What do you think it was about Beaton that obsessed you so?
I think the multitasking, the fact that he dipped into the fashion world and society and wrote these very evocative diaries and wonderfully evocative books and designed and took photographs. It was the fact of these accomplishments in all these fields, and, probably more subliminally at that point, the drive and the productiveness.
Was the notion of self-invention, the way he remade himself, intriguing to you?
Yes. I particularly love that he lobbied the local authority to have the Sussex Gardens postcode changed from W2 to W1, unsuccessfully, at the age of 12 or something. I can relate to that. I was fiercely snobbish. Not snobbish in a social way, but more about things and people with unusual talent and drive.
Another enduring fascination with Beaton is the coterie, the Bright Young Things. Were you conscious of that?
I was obsessed with all these great beauties of the past, and I was always very envious that Beaton had his sisters Nancy and Baba and he could dress them up and photograph them. My sister resisted any attempt in that direction. She was having none of it. Then, at Saint Martins I found this gaggle of girls who I could be Pygmalion with, and that was exciting, too. Yes, Saint Martins totally turned my world upside down. Because I had just compartmentalized everything. At school, I was going off and seeing John Waters programmes and going to the Scala and seeing Fassbinder films, but I never could have brought any of that into my school life. I was a loner because there was no one else, no kindred spirit at all. Well, certainly none that I found. Funnily enough, the circle of friends at my previous school, whose parents had encouraged them to steer clear of this abomination, all blossomed and flourished in their subsequent sixth form and all very much embraced their sexualities.
Did you feel destined for greatness at any point?
No, I never thought about anything in a grand plan kind of way at all. There were just the things I was interested in and I found out as much as I could about them. I would say that the Vogue talent contest gave me a sense that this could be a career, that there was a life out there. But I didn’t really think about it. It just tumbled into place, and the next thing I knew, I’m going to Saint Laurent couture shows and meeting the most extraordinary ladies. It took me a long time to realize – probably in retrospect – that actually my contemporaries and the friends in my circles were every bit as extraordinary as the people in the past who I had idolized. I didn’t need to live in the past because the present was just as exciting.
‘There was so little separation between my role at Vogue and my life. Both folded one into the other. My work represented my interests, and vice versa.’
Do you think there is something melancholic about clothes that have been worn and treasured?
When the person who has worn them is no longer there, they become almost like ghosts in a way.

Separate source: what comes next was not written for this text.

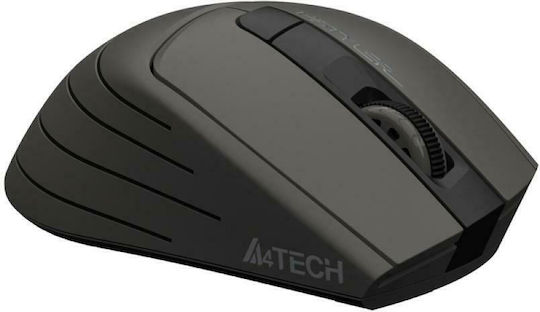 A4Tech FG30 Fstyler Wireless Mouse Black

I don’t think about death when I look at old clothes; I think about life and the lives that were led in them. That is why it is so exciting when things come to me with provenance, particularly at this time when more and more people are coming and saying ‘I have my mother-in-law’s clothes’ and that is just so exciting because when you really have a sense of the person whose clothes they were, what their houses looked like, how they lived and entertained and decorated, with their husbands or lovers or partners, I just think that is so potent. You know, being able to flesh out the story. Quite early on, I had a lot of things that belonged to Aileen Plunket, who was one of the Jazz Age Guinness sisters, who lived and entertained in Luttrellstown Castle, outside Dublin, which was the de facto entertaining house for the Irish government at a certain point. The way she ordered all these clothes in particular colours that were calculated to flatter her looks, and the decor was also designed in the same colour. I met her as well, a fascinating flibbertigibbet, with all these wonderful photo albums that she showed me of all the great Jazz Age figures. It was exciting to see what all these clothes had done, otherwise it was speculation. Just to have a real sense… I mean, she would fly to Paris to have Alexandre curl her eyelashes in the late 1950s. Wild extravagance.
You’re very precious with your things. I remember the little vignette about you taking care not to expose dresses to the light.
It is just one of those things, you’re acquiring and accumulating, and then suddenly you realize in fact you have a collection that needs to be sustained and maintained, and the whole point of acquiring these things is to preserve them and that requires proper infrastructure, climate-controlled spaces, acid-free boxes and paper, and pest-control strategies. It is like a real responsibility.
What did you make of Kim Kardashian in Marilyn Monroe’s dress?
There was a prickle down my spine. I mean, I understood the protocols; I knew it was going to be worn for a very finite amount of time.
But Marilyn was sewn into it and then presumably picked out of it. So there must have been something done to that dress that wasn’t particularly curatorial.
There was a stole that hid the back, of course, and a very, very dramatic weight loss. And there was a replica to change into for her to actually wear. But yes, I wouldn’t be lending something from my collection.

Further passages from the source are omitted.